A potential source of evidence for the "do literals" camp could be when we see them used with generic collection algorithms (CC @timv) or subpatterns within the result builder. If we do literals via an ExpressibleByRegexLiteral protocol (and I'm drafting an argument that we should if we're doing them), then literals could conceivably be passed to NSRegularExpression for ICU semantics, JSCore for JavaScript(ish) semantics (and JIT), a PCRE wrapper library for PCRE-semantics, etc.

Note that doing PCRE-esque regex literals doesn't preclude matching literals or custom literals in the future. The literals also don't preclude parsing support inside Pattern or even choice of defaults inside Pattern (e.g. default Alternation/OneOf could be PEG-style ordered choice by default, and the refactoring action would supply the boolean parameter to choose the other kind). There is still a lot TBD in Pattern though.

6 Likes

I don’t see how that could be done without implementing custom literals in general too.

Also, attempting to process meaningful unicode via regex in a language that doesn't handle unicode like Swift does is a recipe for disaster, so I think the likelihood of encountering such regexes originally from another language is quite slim.

Just because it would break horribly doesn’t make it unlikely.

Training people to make context-free assumptions based on literal delimiters would make it especially likely.

I'll be glad if Character(grapheme-cluster) semantics can be applied.
On the other hand, I agree with @xwu's indication because I also feel such feature would confuse some folks especially from other languages.

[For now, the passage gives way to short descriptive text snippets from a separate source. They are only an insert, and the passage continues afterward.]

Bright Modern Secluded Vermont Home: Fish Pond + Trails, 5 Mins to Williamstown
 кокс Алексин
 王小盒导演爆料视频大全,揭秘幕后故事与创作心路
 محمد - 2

For example, some libraries such as PCRE, Oniguruma, etc. that are widely used have an expression to specify Script name such as \p{Hiragana}.
A scalar has a property of Script, but Character doesn't.
Some people may want to write /\p{Hiragana}/, however, it cannot be applied to String, but only to String.UnicodeScalarView.
They might think "I just want to write an usual Regular Expression and want it to be applied to String."

I'm looking forward to the result. But, I think it is important that which semantics is the majority rather than the fact that there are differences.

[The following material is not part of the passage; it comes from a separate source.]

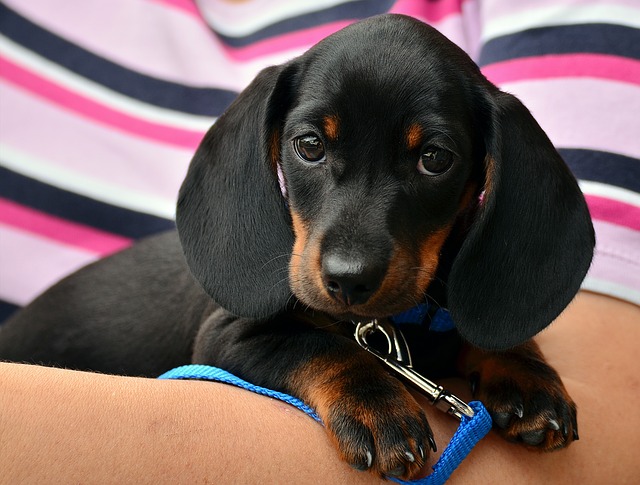 comment annuler une mutuelle santé pour son chien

We may have to discuss first whether such feature in Swift should be called Regex or another appropriate name, and whether or not it should have similar appearance with existing regular expressions in other languages. :nerd_face:

In the context of Pattern I am wondering how wide the scope of this pitch is. Is it the intention that we can describe e.g. the Swift grammar as a Pattern ?

How can PatternBuilder deal with recursive pattern? For example, how do you express Swift's multiLineComment which matches /* ... */ but also /* ... /* ... */ ... */ and not /* ... */ ... */?

1 Like

Something like this ?

func nestedComment() {
    "/*"
    Repeat(.anyCharacter)
    Optional { nestedComment() }
    Repeat(.anyCharacter)
    "*/" 
}
1 Like

Won't nestedComment cause infinite recursion? I'm worried about this point.

it only recurses when it encounters additional /* opening brackets, no?

3 Likes